Re: Suggested clarification for .gitattributes reference documentation

"brian m. carlson" <sandals@xxxxxxxxxxxxxxxxxxxx> · Tue, 16 Jan 2024 02:06:47 +0000

On 2024-01-16 at 00:19:20, Michael Litwak wrote:
> As for documentation clarifications for the .gitattributes manpage at
> https://git-scm.com/docs/gitattributes, I still suggest adding an
> explicit example for UTF-16LE with BOM, and/or adding a table listing
> which working-tree-encoding value to use for each of the following
> UTF-16 text encodings:
> 
> ENCODING              'working-tree-encoding' VALUE
> -------------------   -----------------------------
> UTF-16LE with BOM     UTF-16LE-BOM

I should point out that this encoding, while very common on Windows, is
also nonstandard.  The standard says that UTF-16LE and UTF-16BE don't
include a BOM and are always the respective endianness.  UTF-16 can have
a BOM or not, and if it doesn't, it's big-endian.

There is no standard-conforming way to force the use of little-endian
with a BOM.  The problem is that many Windows programs insist on the
BOM, but also refuse to read big-endian data in violation of the
standard[0].  That's why this nonstandard variant exists in Git.

I'll also note that this particular nonstandard variant is essentially
impossible to encode reliably on Unix outside of Git because it's
nonstandard, so it's an extremely unportable choice.  In fact, I'm not
aware of _any_ tool on my Debian system other than Git that will
guarantee a UTF-16 little-endian stream with BOM.  My editor (Neovim)
certainly doesn't.  (Apparently Emacs, which is not on my system, may
permit that, which does not surprise me in the least.)
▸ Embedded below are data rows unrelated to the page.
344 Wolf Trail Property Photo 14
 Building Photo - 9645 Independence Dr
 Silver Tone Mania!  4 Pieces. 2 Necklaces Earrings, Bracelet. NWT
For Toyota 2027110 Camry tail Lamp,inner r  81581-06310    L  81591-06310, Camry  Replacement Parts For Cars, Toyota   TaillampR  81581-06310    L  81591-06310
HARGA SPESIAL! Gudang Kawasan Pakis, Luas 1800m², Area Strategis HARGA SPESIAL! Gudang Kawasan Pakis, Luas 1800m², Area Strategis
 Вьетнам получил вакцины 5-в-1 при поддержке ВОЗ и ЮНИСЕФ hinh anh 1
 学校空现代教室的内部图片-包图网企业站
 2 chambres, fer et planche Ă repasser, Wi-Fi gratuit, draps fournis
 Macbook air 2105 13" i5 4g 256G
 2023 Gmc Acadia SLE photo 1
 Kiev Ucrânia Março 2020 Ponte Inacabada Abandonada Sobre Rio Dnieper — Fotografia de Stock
> UTF-16BE with BOM     UTF-16

It's a little more complicated than that.  "UTF-16" would allow UTF-16
big-endian with BOM, UTF-16 little-endian with BOM, or UTF-16 big-endian
without BOM.  In other words, UTF-16 is big-endian by default and
otherwise requires a BOM, which may be included even if not required.

A reader must handle every variant of this, and must honour the BOM if
set and default to big-endian if not.  A writer may write whichever
variant pleases it most as long as it's consistent within the same
message.

> UTF-16LE no BOM       UTF-16LE
> UTF-16BE no BOM       UTF-16BE

I think the addition of this table is too much.  UTF-16LE-BOM is common
on Windows, and the rest are substantially less common.  It's also very
difficult to explain in a table what "UTF-16" means in an understandable
way.  And I also think it's also pretty clear that users should be using
UTF-8 without BOM where possible.

We do already mention both UTF-16, UTF-16LE, and UTF-16LE-BOM as options
in the gitattributes manual page, and it's up to the user to know what
their program wants and supports if that's not UTF-8.  (I would say that
the user wants a new program that _does_ support UTF-8, but perhaps I'm
being unrealistically harsh.)  I agree it's difficult because the
documentation usually doesn't indicate what's supported and all the
variants are hard to understand, but that's a huge part of the reason
that we recommend UTF-8.

I'll also add that in general, when you do have Unix systems that read
or write data in UTF-16, they handle every variant correctly.  Thus, the
practical choice if you steadfastly refuse to use UTF-8 is either
UTF-16LE-BOM (if your Windows program has the bug I mentioned above) or
UTF-16, both of which we mention already in the manual page.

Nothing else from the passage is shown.